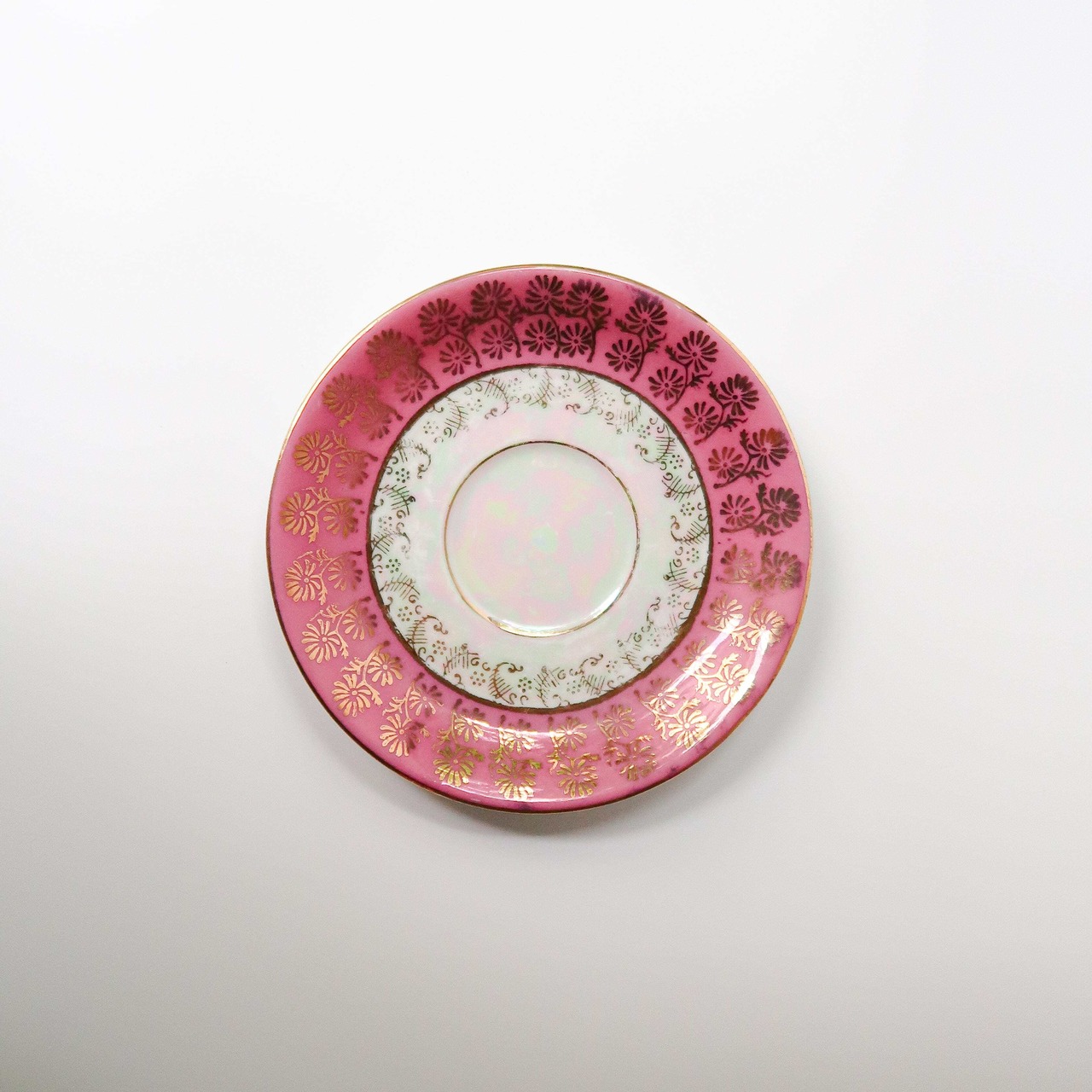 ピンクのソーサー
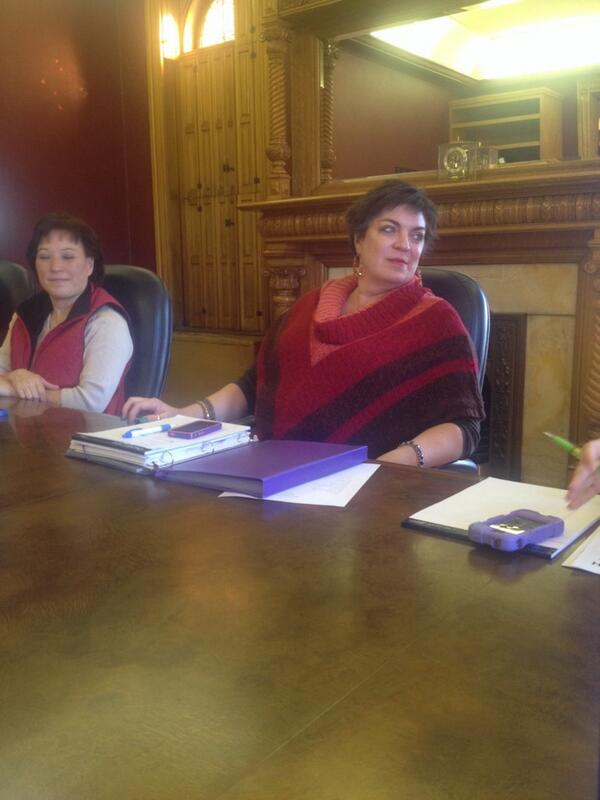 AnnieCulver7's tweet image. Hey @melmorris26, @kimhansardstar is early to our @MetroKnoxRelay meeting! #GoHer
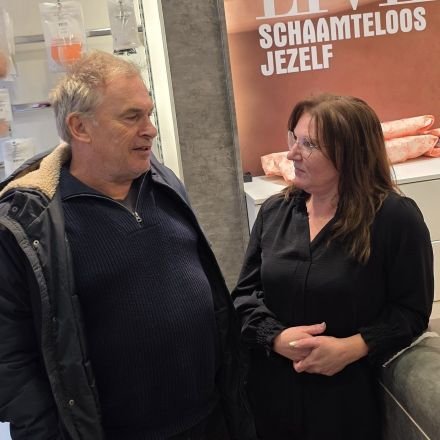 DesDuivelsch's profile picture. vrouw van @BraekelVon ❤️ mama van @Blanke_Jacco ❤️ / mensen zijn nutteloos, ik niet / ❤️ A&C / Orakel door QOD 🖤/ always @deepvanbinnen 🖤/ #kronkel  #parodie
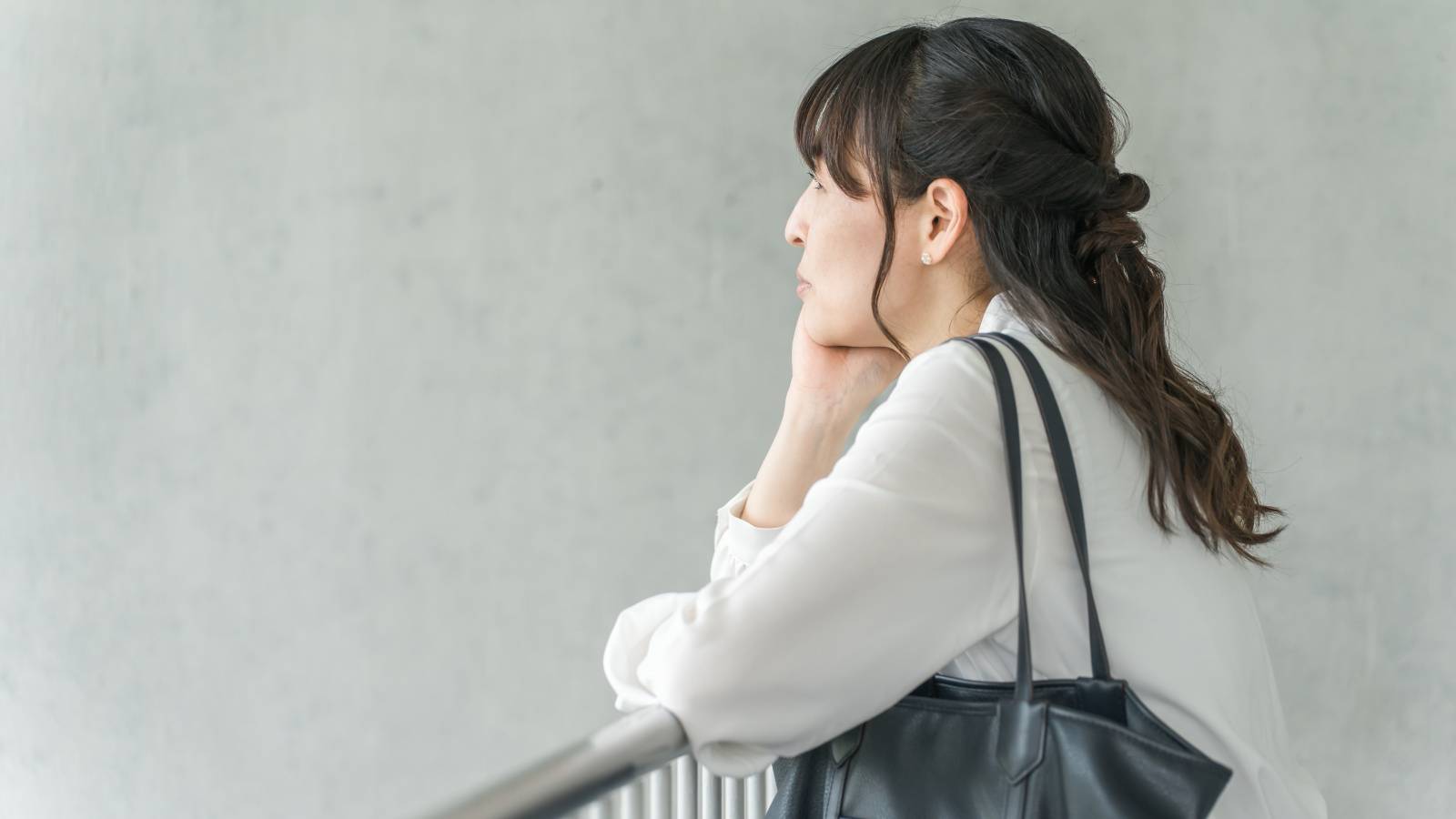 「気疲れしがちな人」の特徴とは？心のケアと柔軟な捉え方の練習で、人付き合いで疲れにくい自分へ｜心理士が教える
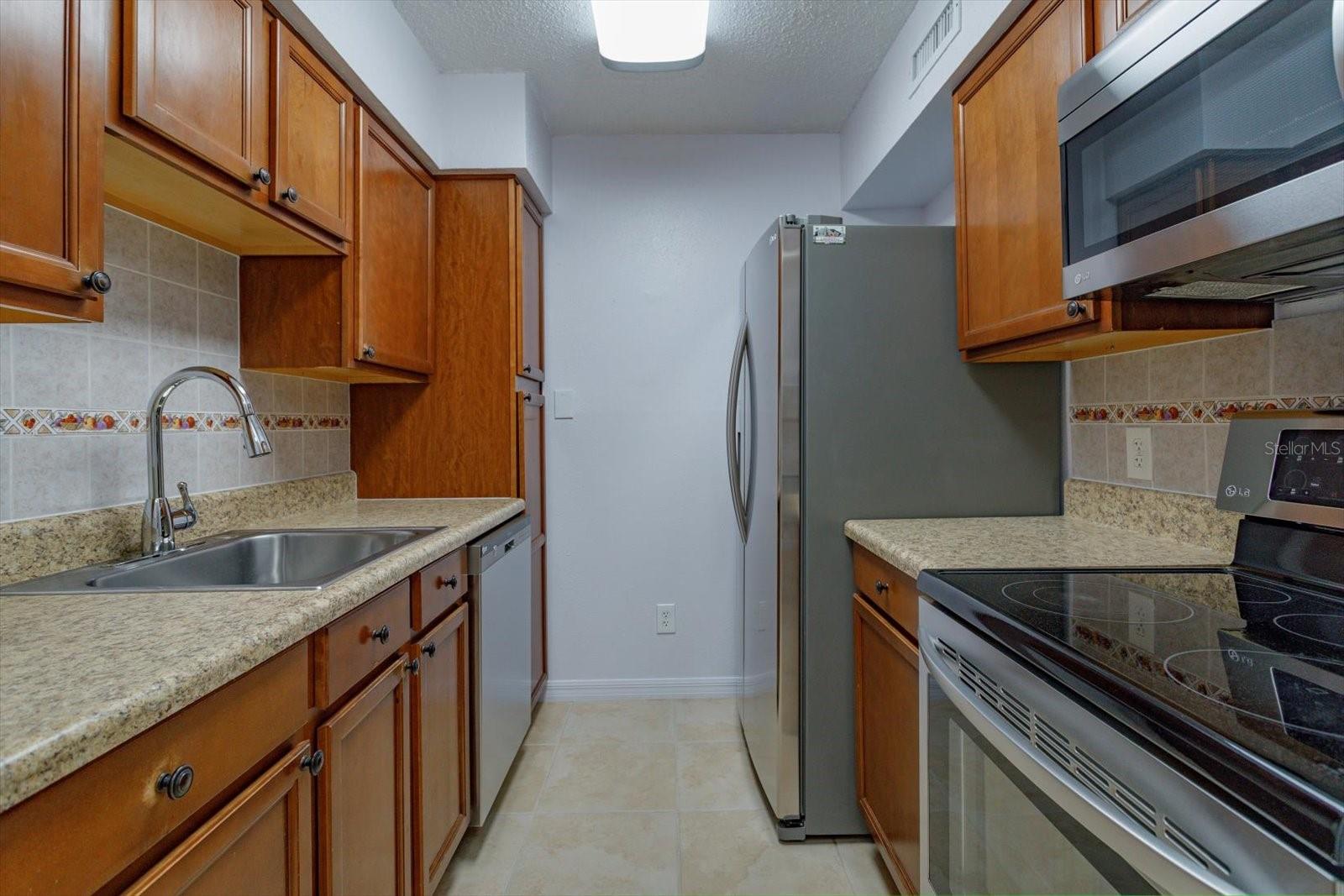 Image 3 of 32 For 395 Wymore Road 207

--

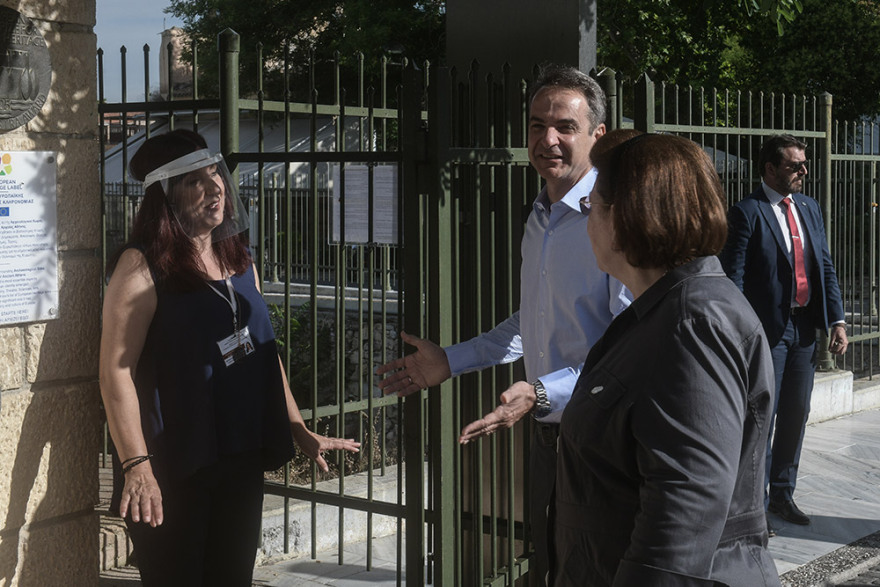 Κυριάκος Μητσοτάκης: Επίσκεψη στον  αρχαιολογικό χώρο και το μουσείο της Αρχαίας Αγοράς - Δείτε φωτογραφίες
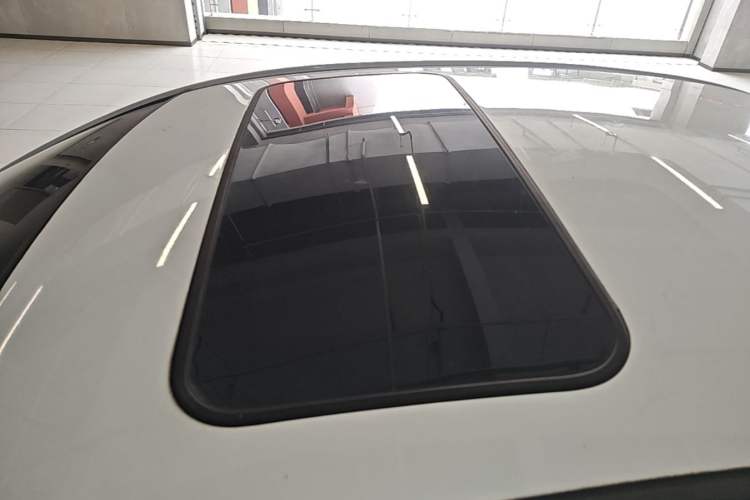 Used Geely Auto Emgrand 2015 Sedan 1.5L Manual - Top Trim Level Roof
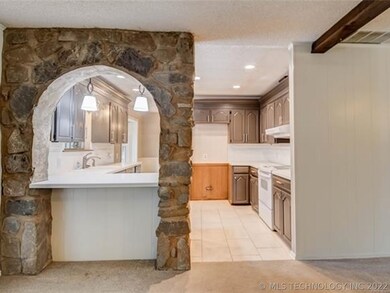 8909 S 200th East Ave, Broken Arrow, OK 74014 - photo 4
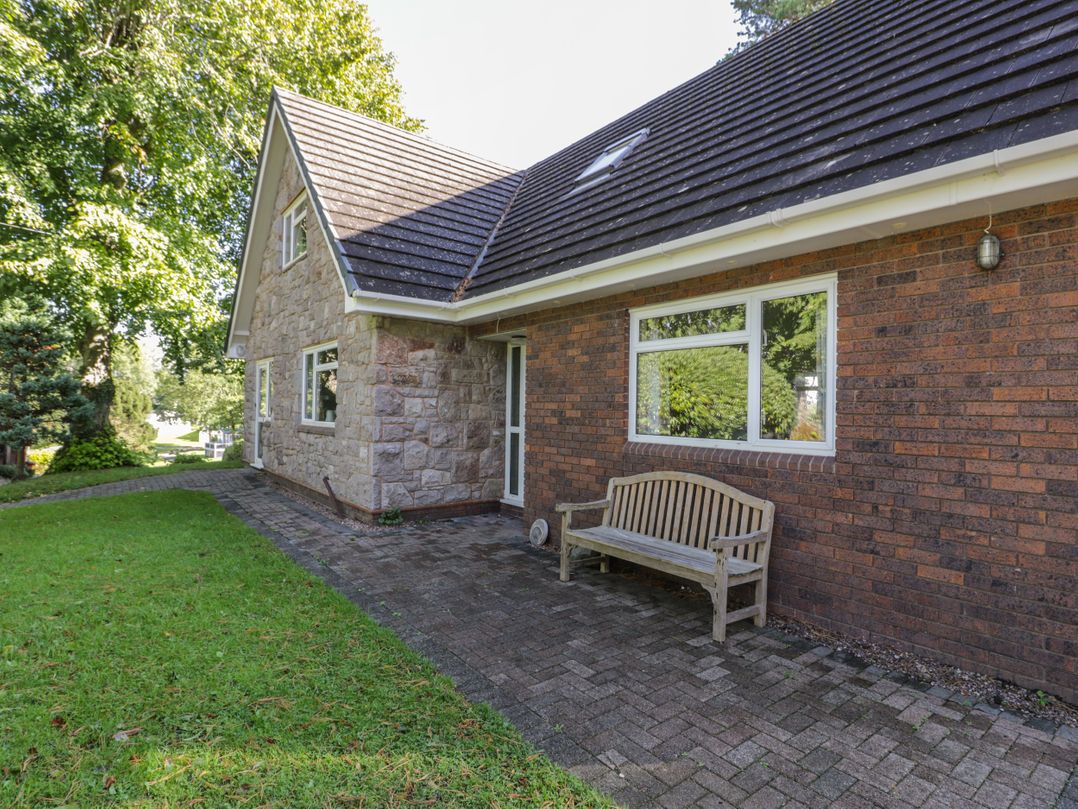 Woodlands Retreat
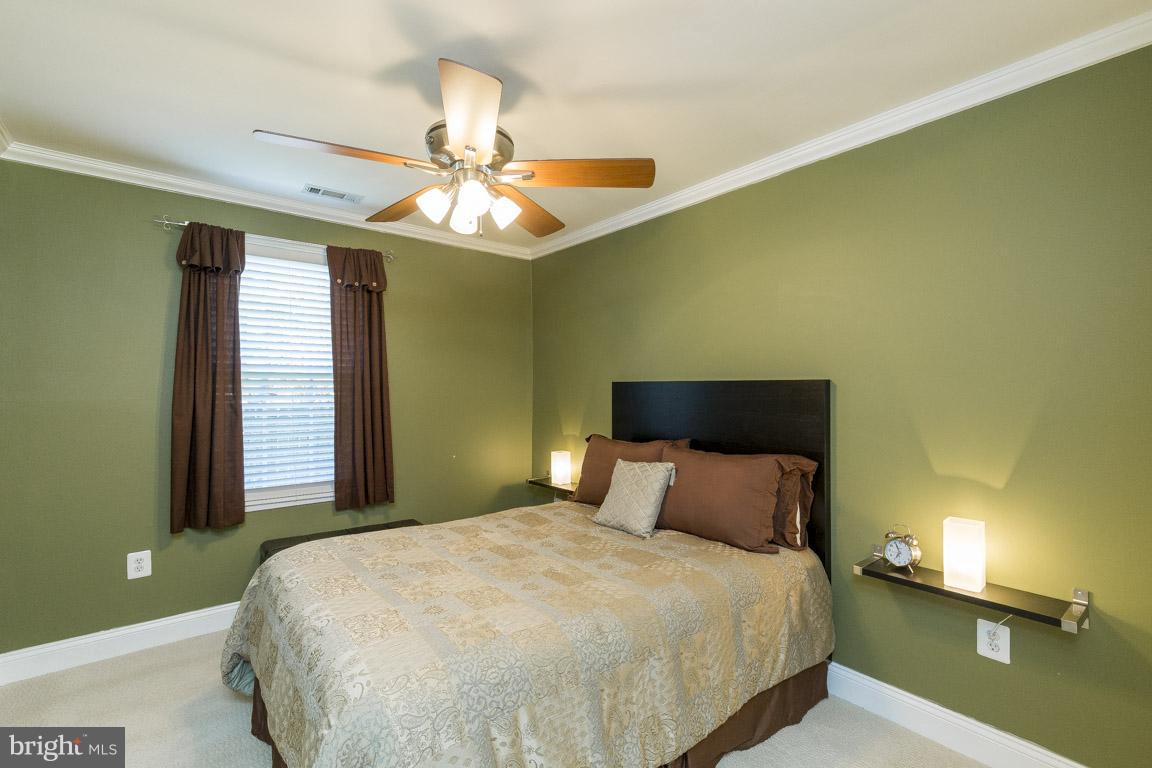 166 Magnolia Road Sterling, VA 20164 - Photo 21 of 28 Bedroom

---

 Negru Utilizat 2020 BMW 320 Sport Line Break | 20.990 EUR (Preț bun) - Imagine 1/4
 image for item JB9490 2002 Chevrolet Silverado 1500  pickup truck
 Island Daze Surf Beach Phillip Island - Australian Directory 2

> **TASK TO CARRY OUT**
Copy nothing but the lines above from the one with "AnnieCulver7's tweet image." to the one with "Image 3 of 32 For 395 Wymore Road 207", inclusive, word for word. Leave every picture out.

> **TASK ANSWER**
 AnnieCulver7's tweet image. Hey @melmorris26, @kimhansardstar is early to our @MetroKnoxRelay meeting! #GoHer
 DesDuivelsch's profile picture. vrouw van @BraekelVon ❤️ mama van @Blanke_Jacco ❤️ / mensen zijn nutteloos, ik niet / ❤️ A&C / Orakel door QOD 🖤/ always @deepvanbinnen 🖤/ #kronkel  #parodie
 「気疲れしがちな人」の特徴とは？心のケアと柔軟な捉え方の練習で、人付き合いで疲れにくい自分へ｜心理士が教える
 Image 3 of 32 For 395 Wymore Road 207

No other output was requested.